Superaron los 30 o los 40, son de clase media o media alta y pasaron la mayor parte de su vida sin cuestionar la heteronormatividad. Han hecho chistes de putos, ninguneado lesbianas, estigmatizado travestis y naturalizado la práctica de abortos clandestinos. Gracias al impulso de la política, los medios y las redes supieron del feminismo y la deconstrucción, y corrieron a sumarse a las filas de la diversidad sexual y las luchas de las mujeres, adoptando el pañuelo verde y los colores de la bandera LGTBIQ con el vibrante entusiasmo de los conversos. Seguros de haber pasado al bando de los bienpensantes y los jóvenes, aprendieron a no ofender, a usar el lenguaje inclusivo y a incorporar a sus discursos palabras como “interseccionalidad”. Adoran a Judith Butler y a Rita Segato, cancelan machirulos y son re amigues de sus hijes.
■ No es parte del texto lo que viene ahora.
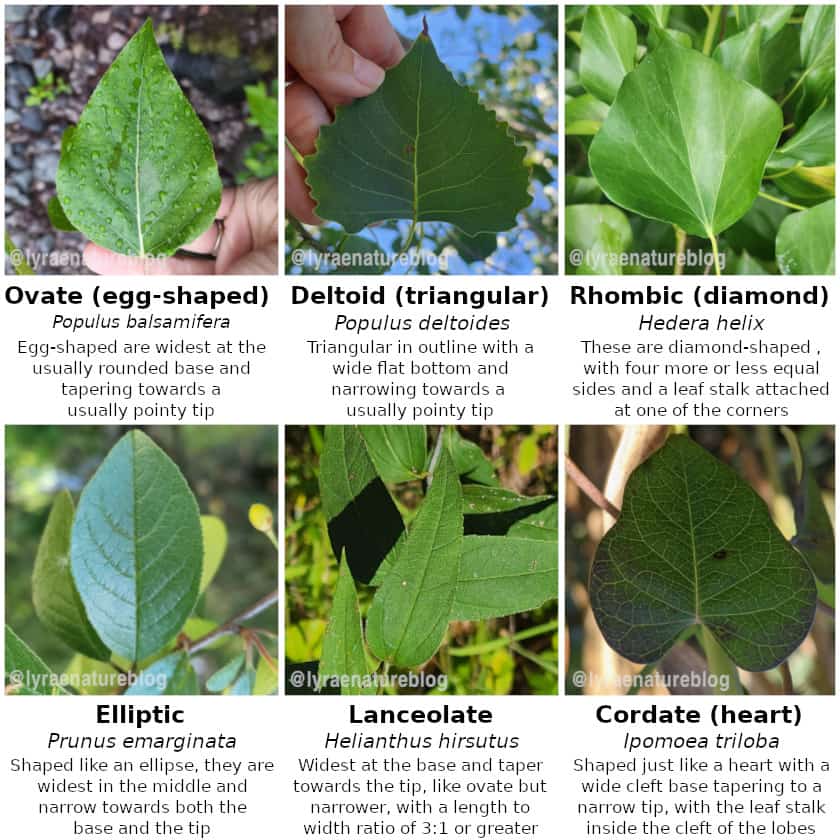 12 Different Types Of Poplar Trees Their Identifying Features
De ser varones, sobreactuan su “lado femenino” mientras que ellas hacen lo propio con la gestualidad del empoderamiento. De tener alguna influencia mediática o institucional, no ven contradicción en mostrarse como portavoces de colectivos cuyas problemáticas e internas desconocen.
De ser lindas señoras, no ven banalidad en fijar su adhesión a la causa en Instagram, a través de fotos sexis, acompañadas de textos sobre femicidios y violaciones. Puertas adentro, sin más testigos que los propios, muchas prefieren ser mantenidas como sus abuelas y muchos aceptan mantener, como sus abuelos, a esas que por mantenidas no tendrán derecho a patalear.
Algunos, ejercerán y soportarán violencias de todo tipo, pero seguirán juntos “por los chicos” o “la casa”. Eternizarán, con un estilo de vida fundamentado en un esquema que no discute la preminencia de la familia y la propiedad (en el que el cuerno es el otro nombre del poliamor) aquella tradición que critican cuando traspasan la barrera de la realidad empírica y se sumergen en la fantasía de ser lo que no son.